Freuen sich auf die Zeitreise in die wilden Zwanziger Jahre: (von oben nach unten): Niklas Kappler, Kirsten Schneider, Heike Engelbert (Ltg. Schneiderei), (mittlere Reihe): Jörg Arnold (Requisite und Bühnenmalerei), Joseph Reichelt, Festspielintendant Johannes Kaetzler, Elisa Barnitzke (Regiessistentin), Mario Schnitzler, Jaes Gärtner, Ulrich Westermann, (vorne stehend): Ben Erik Schröter, Lennart Matthiesen, Meike Pintaske, Philipp Peters, Chantale Schumacher, Tikki Marie Thöne, Juliane Krug, Marié Detlefsen, Sophie Militzer, Konstantin Krisch (Choreografie), Bettina Szabo (Ltg. Maskenbildnerei), Michael Grötzsch, Werner Brenner (Bühnenbild), Daniel Asofiei, Philipp Schwarze (Schneiderei und Garderobe), Aishan Kadyrbekov (Maske). Foto: Andreas Kunkel



Die Kreuzgangspiele bringen immer wieder eigene Fassungen großer Romane der Weltliteratur auf die Bühne – im vergangenen Jahr war „Stolz und Vorurteil“ von Jane Austen im Kreuzgang zu sehen. In diesem Sommer ist es der Weltroman „Der große Gatsby“ von F. Scott Fitzgerald, der – 1925 erschienen – wie kein zweiter die sogenannten „Roaring Twenties“, die „wilden Zwanziger“ beschreibt. Am 27. April haben die Proben begonnen.
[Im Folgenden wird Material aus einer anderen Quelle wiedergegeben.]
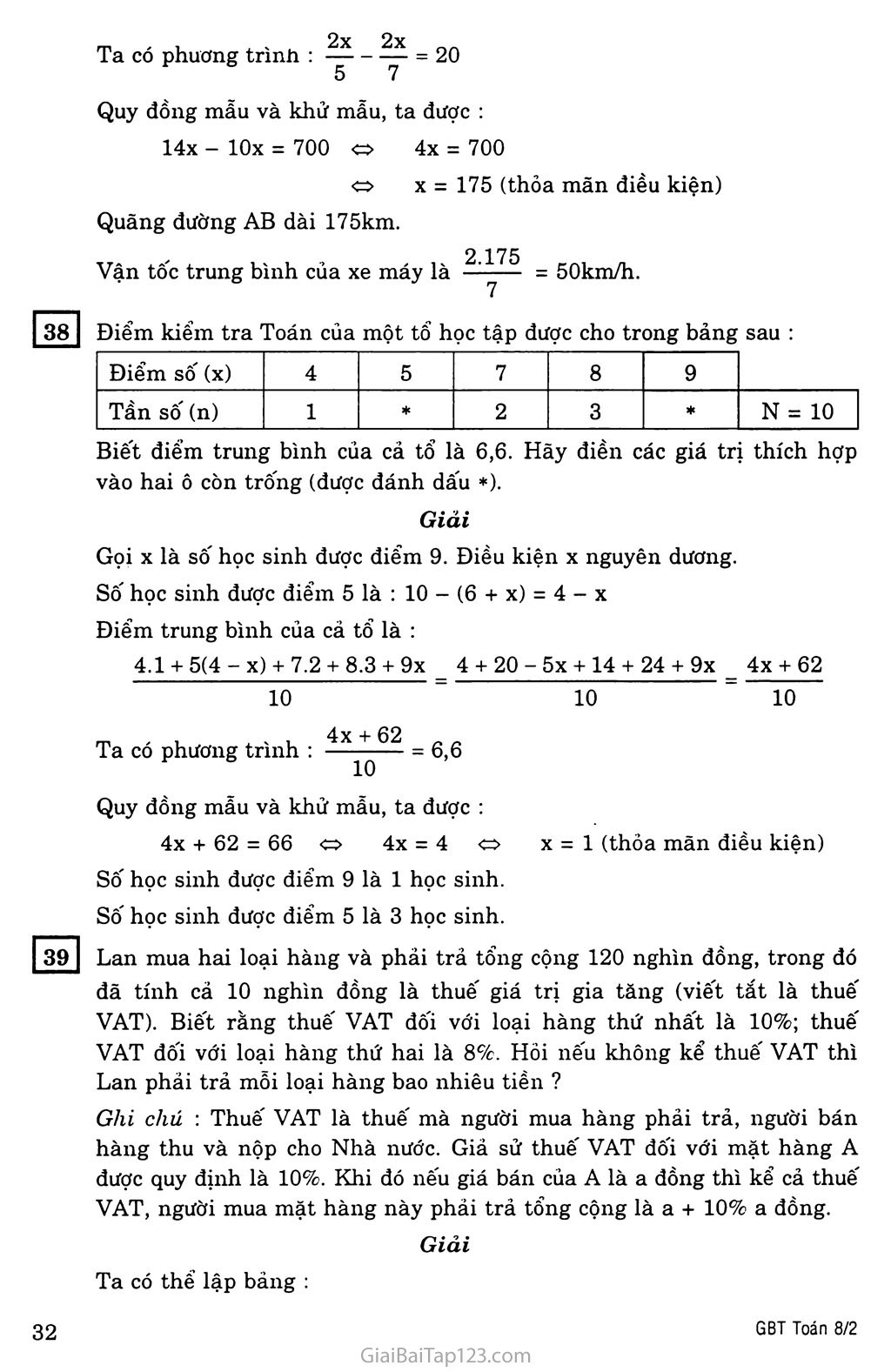§7. Giải bài toán bằng cách lập phương trình (tiếp) trang 3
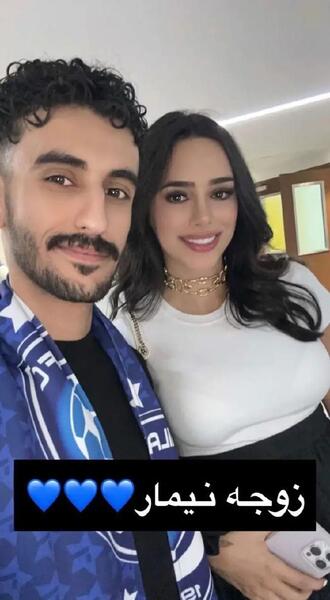 عکس نیمار همسر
Regie führt Festspiel-Intendant Johannes Kaetzler, der unter Mitwirkung von Dramaturgin Maria Wüstenhagen auch für die Dramatisierung verantwortlich ist. „Die Welt von Jay Gatsby ist zunächst eine dekadente Welt voller Luxus und Überfluss, mit legendären Festen und Ausschweifungen“, so der Autor und Regisseur, „aber es ist auch eine brüchige Welt, denn der oberflächliche Glanz der Partys kann nicht darüber hinwegtäuschen, dass tief darunter eine Leere existiert und dass die Sehnsucht von Gatsby nach einer längst vergangenen Liebe letztlich nicht erfüllt werden kann.“
Die Bühne hat Werner Brenner entworfen, die Kostüme stammen von Bernhard Westermann – beide stellten beim Probenauftakt in der Stadthalle Kasten ihre Modelle und Figurinen vor, mit denen sie das Publikum auch optisch und räumlich in die 1920er Jahre entführen. Angelehnt an die Musik dieser Zeit komponiert und arrangiert Michael Reffi eigens Lieder und Sounds für die Feuchtwanger Fassung. Für die Choreografien ist Konstantin Krisch verantwortlich.
In der Hauptrolle des Jay Gatsby wird Lennart Matthiesen zu erleben sein, der in den vergangenen Jahren als Regisseur der Stücke „Mord imOrientexpress“ und „Sherlock Holmes – ein Skandal“ bei den Feuchtwanger Festspielen erfolgreich war. Nun, im Sommer 2026, kehrt er als Schauspieler auf die Kreuzgang-Bühne zurück: „Ich freue mich sehr auf diese Aufgabe und sehr darüber, in Feuchtwangen auf dieser einmaligen Bühne wieder spielen zu können. Ich habe große Lust, den ‚Gatsby‘ zu spielen – das ist eine richtige Traumrolle für mich“, so Matthiesen.
Ab jetzt wird auf der Bühne im Kreuzgang und in der Stadthalle Kastengeprobt. Neben den szenischen wird es auch musikalische Proben geben sowie Tanzproben. Premiere hat „Der große Gatsby“ am 4. Juni 2026 – die Generalprobe am Tag zuvor wird wieder öffentlich sein.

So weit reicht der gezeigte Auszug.